▶ WORK INSTRUCTION:
Copy the data that follows exactly. Include no pictures.

Segment Start: DATA SEGMENT

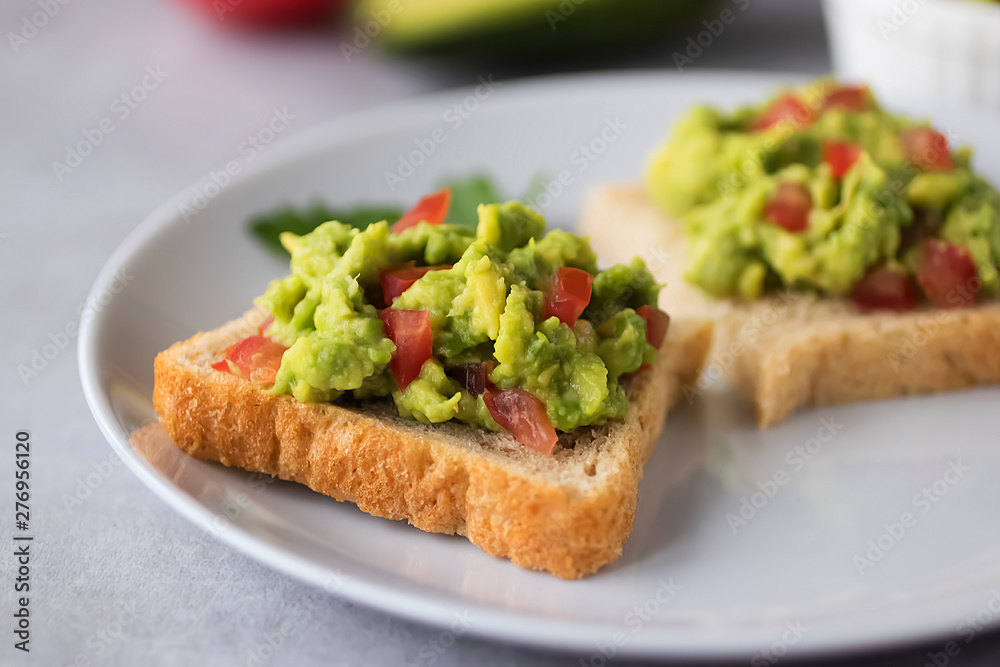 Toasts with an avocado snack and fresh vegetables on a gray background.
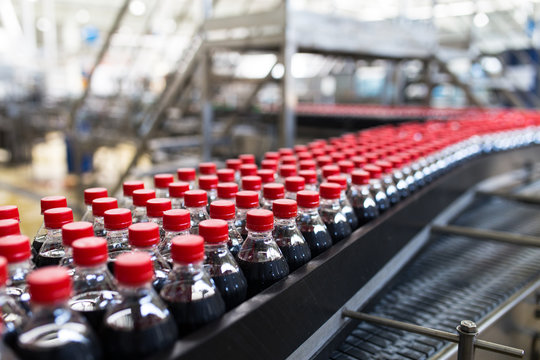Bottling factory - Black juice or soft drink bottling line for processing and bottling juice into bottles. Selective focus. 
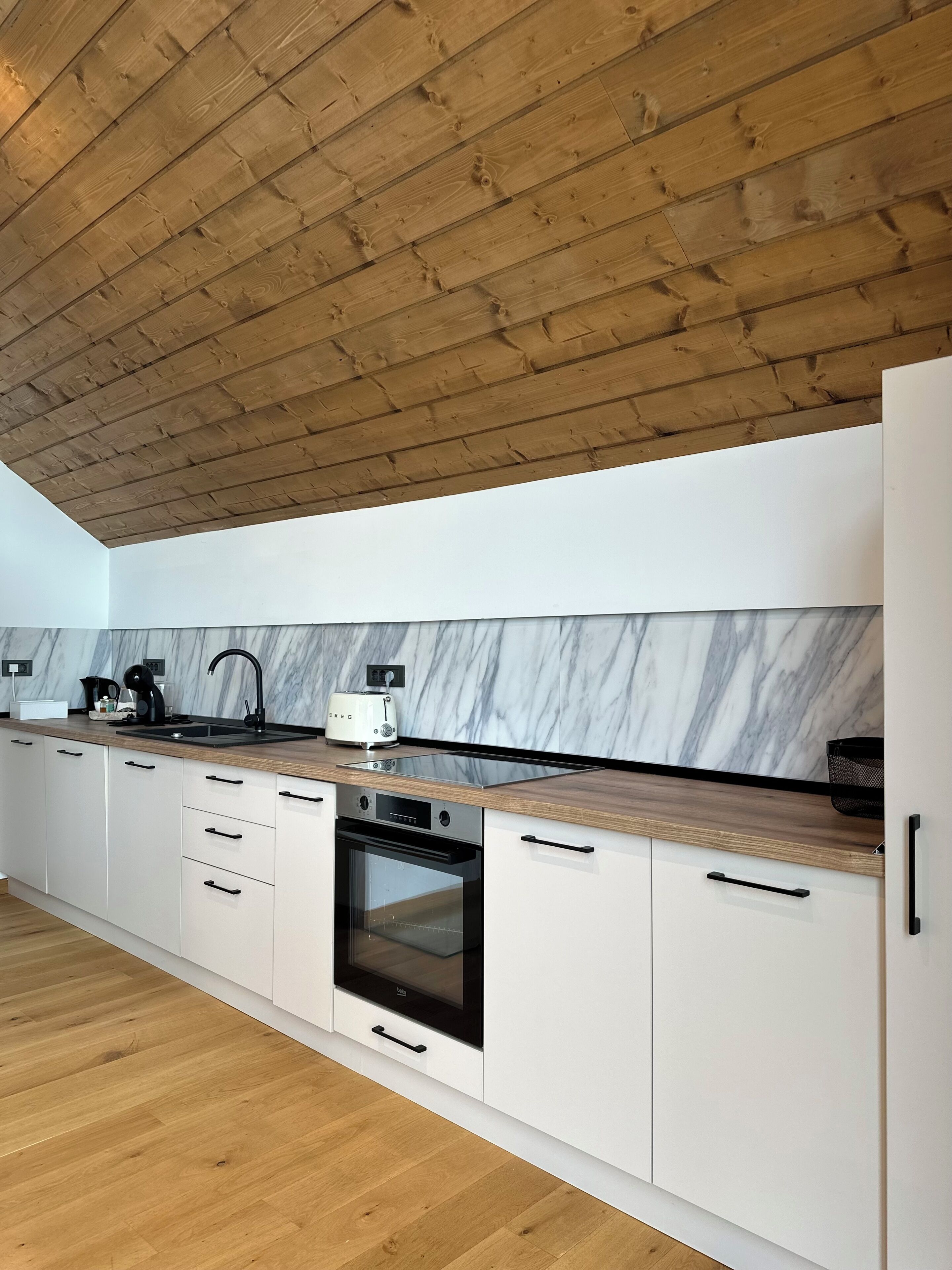 Una cocina moderna con vigas de madera en el techo, muebles blancos, un protector contra salpicaduras de mármol y un horno empotrado.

Segment End: DATA SEGMENT

▶ FINISHED EXERCISE:
 Toasts with an avocado snack and fresh vegetables on a gray background.
Bottling factory - Black juice or soft drink bottling line for processing and bottling juice into bottles. Selective focus. 
 Una cocina moderna con vigas de madera en el techo, muebles blancos, un protector contra salpicaduras de mármol y un horno empotrado.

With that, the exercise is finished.